Take a close look at a wave-battered coast and you will discover a rich, fascinating, and remarkably brutal environment. Here, animals and plants exposed to wind, sun, and rain at low tide must cope with crashing waves as the seas rise to submerge them each day at high tide. How do living things survive in this harsh zone? With 87 stunning color photographs and an engaging text written for those with little or no knowledge of marine biology or physics, this book tells the story of one stretch along the Pacific coast of North America--introducing the mussels, limpets, crabs, grasses, starfish, kelp, and other animals and plants that live there, and explaining how they function and flourish in an environment of waves, sand, and rocks.

 

  In pictures and words, Wave-Swept Shore explains complex phenomena, such as wave action, using simple, intuitive analogies. It explores how the forms of animals and plants affect their survival in this harsh environment, considers their distribution on the shore, and looks at their seasonal variations, focusing on what can be easily observed by visitors to the coast. Revealing the rich variety of habitats woven into what may at first look like a fairly uniform environment, the book, an effective and beautiful tool for learning about the edge of oceans everywhere, opens our eyes to the wonders of rocky shores and introduces a whole new way of looking at the natural world.

About the Author

Mimi Koehl, the Gill Professor of Integrative Biology at the University of California, Berkeley, studies the physics of marine organisms.

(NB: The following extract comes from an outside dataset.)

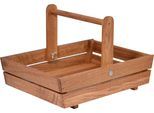 Allzweckkorb DOBAR, beige (natur, geölt), B:31,5cm H:12,6cm T:42,5cm, Holzwerkstoff, Aufbewahrungsboxen, Allzweckkorb, Tragbarer Korb für die Ernte aus Eichenholz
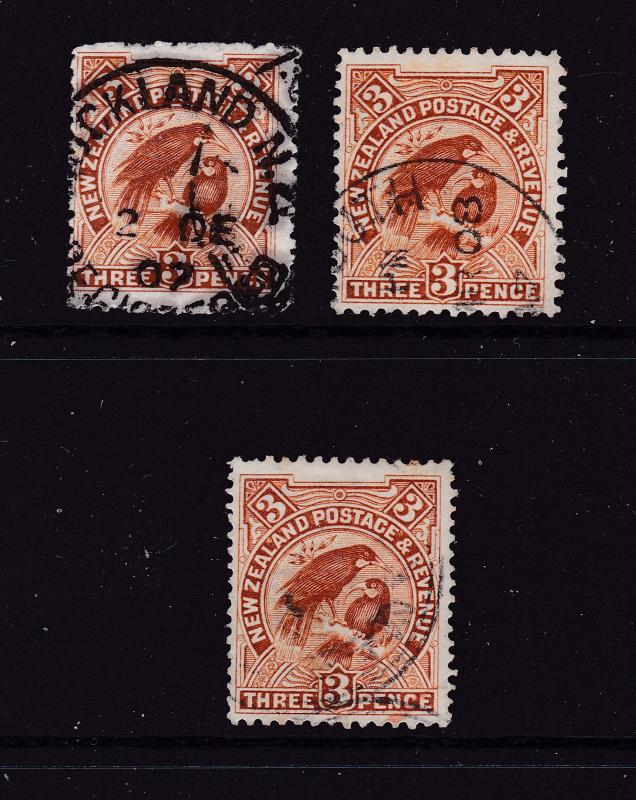 New Zealand x 3 used 3d from the 1907 set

She is a member of the National Academy of Sciences and of the American Academy of Arts and Sciences, winner of a MacArthurFellowship ("genius grant"), a Guggenheim Fellowship, and of the Borelli Award for outstanding career accomplishment in the field of biomechanics.

About the Photographer

Anne Wertheim Rosenfeld, is a photographer and writer whose work as appeared in the magazines Bay Nature, Oceans, and Geo; in books by Jacques Cousteau and David Attenborough; and in many other texts. She is author of The Intertidal Wilderness: A Photographic Journey Through Pacific Coast Tidepools (revised edition, California, 2002). She is also a fine art photographer.